An impairment loss is recognised where the asset's or cash-generating unit's
carrying amount exceeds its recoverable amount. The recoverable amount is the
higher of fair value, reflecting market conditions less costs to sell, and value
in use based on an internal discounted cash flow evaluation. Impairment losses
recognised for cash-generating units, to which goodwill has been allocated, are
credited initially to the carrying amount of goodwill. Any remaining impairment
loss is charged pro rata to the other assets in the cash-generating unit. With
the exception of goodwill, all assets are subsequently reassessed for
indications that an impairment loss previously recognised may no longer exist.
2.9 Leased assets
In accordance with IAS 17, the economic ownership of a leased asset is
transferred to the lessee if the lessee bears substantially all the risks and
rewards related to the ownership of the leased asset. The related asset is
recognised at the time of inception of the lease at the fair value of the leased
asset or, if lower, the present value of the minimum lease payment plus
incidental payments, if any, to be borne by the lessee. A corresponding amount
is recognised as a finance leasing liability.
The interest element of leasing payments is charged to the income statement in
constant proportion to the capital balance outstanding over the period of the
lease.
All other leases are regarded as operating leases and the payments made under
them are charged to the income statement on a straight-line basis over the lease
term. Lease incentives are spread over the term of the lease.
2.10 Investments
Investments in subsidiary companies are included at cost less provision for
impairment.
2.11 Inventories
Inventories are stated at the lower of cost and net realisable value. Cost is
calculated on a FIFO basis and includes materials, direct labour and an
attributable proportion of manufacturing overheads based on normal levels of
activity. Net realisable value is based on estimated selling price less further
costs to be incurred to completion and disposal.
2.12 Cash and cash equivalents
For the purposes of the cash flow statement cash and cash equivalents comprise
cash in hand and demand deposits together with other short-term highly liquid
investments that are readily convertible into known amounts of cash and which
are subject to an insignificant risk of changes in value. Bank overdrafts that
are repayable on demand form an integral part of the Group's cash management and
are also included as a component of cash and cash equivalents. For the purposes
of the balance sheet cash and cash equivalents are cash on hand and deposits
with banks and other financial institutions which are not restricted in its use.

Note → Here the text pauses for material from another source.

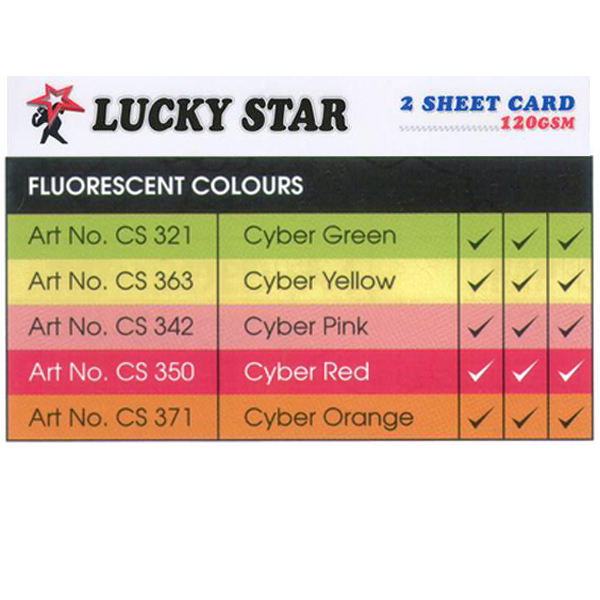 2 Sheet Card Cyber Color 120g (A4) 100\'s Lucky Star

Bank overdrafts are included in borrowings in current liabilities.
2.13 Revenue recognition
Revenue is measured at the fair value of the consideration received or
receivable. Revenue is reduced for any rebates and other similar allowances.
Revenue on the outright sale of goods, where no supplier obligations remain, is
recognised on despatch to the customer. Revenue from a contract to provide goods
is recognised by reference to the stage of completion of the contract.
Interest income is accrued on a time basis by reference to the principal
outstanding and at the effective interest rates applicable.
2.14 Foreign currency
Transactions in foreign currency are translated into the functional currency
using the exchange rates prevailing at the dates of the transactions. Foreign
exchange gains and losses arising from the settlement of such transactions and
from the translation of monetary assets and liabilities denominated in foreign
currencies at the balance sheet date are recognised in the income statement.
2.15 Employee benefits
Pension contributions - defined contribution scheme
The Group makes pension contributions only to defined contribution schemes.
These contributions are recognised in the income statement during the period in
which they become payable. The group has no further payment obligations once the
contributions have been paid.
Share-based payments
The Group operates a number of equity-settled, share-based compensation plans.
The fair value of the services received in exchange for the grant of the options
and warrants is recognised as an expense in the income statement with a
corresponding adjustment to equity. The total amount to be expensed over the
vesting period, or on grant if there is no vesting period, is determined by
reference to the fair value of the options and warrants granted using an
appropriate pricing model.
2.16 Taxation
Income tax expense represents the sum of the tax currently payable and deferred
tax.
Current tax is the tax currently payable or receivable based on the taxable
profit or loss for the period. The Group's liability for current tax is
calculated using tax laws and rates that have been enacted or substantively
enacted by the balance sheet date.
Deferred income taxes are calculated using the liability method on temporary
differences. Deferred tax is generally provided on the difference between the
carrying amounts of assets and liabilities and their tax bases. However,
deferred tax is not provided on the initial recognition of goodwill, nor on the
initial recognition of an asset or liability unless the related transaction is a
business combination or affects tax or accounting profit. In addition, tax
losses available to be carried forward as well as other income tax credits to
the Group are assessed for recognition as deferred tax assets.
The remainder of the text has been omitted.